Viewing Data Sources and Tables

Overview

For most directives in SAS Data Loader, data sources are Hive schemas that contain one or more tables. Data sources are defined in Hive by your Hadoop administrator. If you do not see the data source or table that you need, contact your Hadoop administrator. If needed, the administrator can add a new Hive schema and set appropriate user permissions to read and write data.

In some cases, data sources are not based on Hive schemas. For example, data sources for the Copy Data to Hadoop directive are RDBMS connections. Data sources for the Import a File directive are delimited files that are stored in the shared folder of the vApp.

When you open a directive to create a job that runs in Hadoop, you select a data source and a source table that is contained within that data source. If the directive produces output tables, you then select a data source and a target table at the end of the directive.

To protect your data, target tables do not overwrite source tables. Target tables are not required to be new tables each time you run your job. You can overwrite target tables that you created in previous job runs.

As the data is processed in each task in the job, you can view a sample of the data that is produced in each task.

A typical Source Table task includes a graphical view of the tables in the selected data source.

SAS Table Viewer icon

Click to open the selected table in the SAS Table Viewer, which provides column information and sample data for the table.

View Data Sample icon

Click to display the first 100 rows of source data, as that data has been transformed up to that point in the job.

and

Click the View List icon to display data sources or tables as a list. When you view tables, the list format displays the table name and description, along with the dates on which the table was last profiled and last modified.

Note: The last modified date is displayed only when the Identify each table as "new" when created or modified setting is selected on the General Preferences panel of the Configuration window. For more information, see General Preferences Panel.

Click the View Grid icon to display data sources or tables in a grid.

Click to view profile information for the selected table.

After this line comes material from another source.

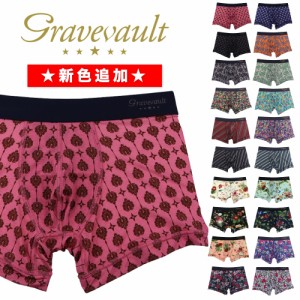 Gravevault グレイブボールト ショート ボクサーパンツ Botanical Plants/RAKUEN/OHIGARA /FLORA/WILD FLOWERS  メンズ 下着 国産 正規品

If a profile exists for a table, PROFILED appears beneath the table name.

Click to select a source table from another data source.

Click to choose from a list of recently used tables. If you select a table from a different data source, the source table information is adjusted accordingly. The table that you selected is automatically highlighted.

Enter text in the search field to filter the list of data sources or tables. The search feature filters according to name when applied to data sources and according to name and description when applied to tables.

Click to return to the top of the page when viewing a long list of data sources or tables.

Tip

If you frequently work with the same data source across multiple directives, you can have SAS Data Loader select the most recently used schema automatically. This can help you select source tables and target tables more quickly. To enable this feature, click More icon

, select Configuration, and complete the following steps:

Click General Preferences.
Select Automatically select the most recently selected hive schema.

About the SAS Table Viewer

How It Works

The SAS Table Viewer displays sample data and column information for a selected table. The viewer is available when you select source or target tables or when you view results or status. The SAS Table Viewer opens in a separate tab in the browser, so you can continue to reference that information while working with directives.

To open the viewer, click the Open the selected table in the table viewer icon icon for SAS Table Viewer

In the viewer, you can click a column name to display the properties of that column. You can also clear the check box next to the column name to temporarily remove that column from the sample data view.

To change the number of sample rows that are displayed, change the value of the Row Limit field.

To refresh the sample data after a directive has operated on that table, click the Refresh icon

Column properties are defined as follows:

Index

Column number.

Label

A shortened version of the column name that can be added to the data values for that column. If a label is not assigned, then the column name is used as the label.

Length

The size of the table cell (or variable value) in bytes.

Name

Column name.

Type

The type of the data in the column.

For information about data types and data conversions in SAS and Hadoop, see the chapter SAS/ACCESS Interface to Hadoop in the document SAS/ACCESS Interface to Relational Databases: Reference.

Usage Notes

When viewing a SQL Server table, the following numeric data types are displayed in the Columns list with a character data type: datetime (datetime_col), money (money_col), smallmoney (smallmoney_col), numeric (numeric_col), and real (real_col).
Viewing the source and target tables of transformations can show differences in decimal values. The source columns show no decimal values, and the target shows full double-precision values. This difference exists in the display only. In the Hadoop file system HDFS, the values are the same.

About the Sample Table Viewer

In directives that list tables for selection, you can click the View a data sample icon

to display a subset of the source data, as that data has been transformed up to that point in the job. This gives you a preview of your data before you run your job against the full source table in Hadoop.

In the data sample, you can click Refresh to display the latest data or click X to close the data sample.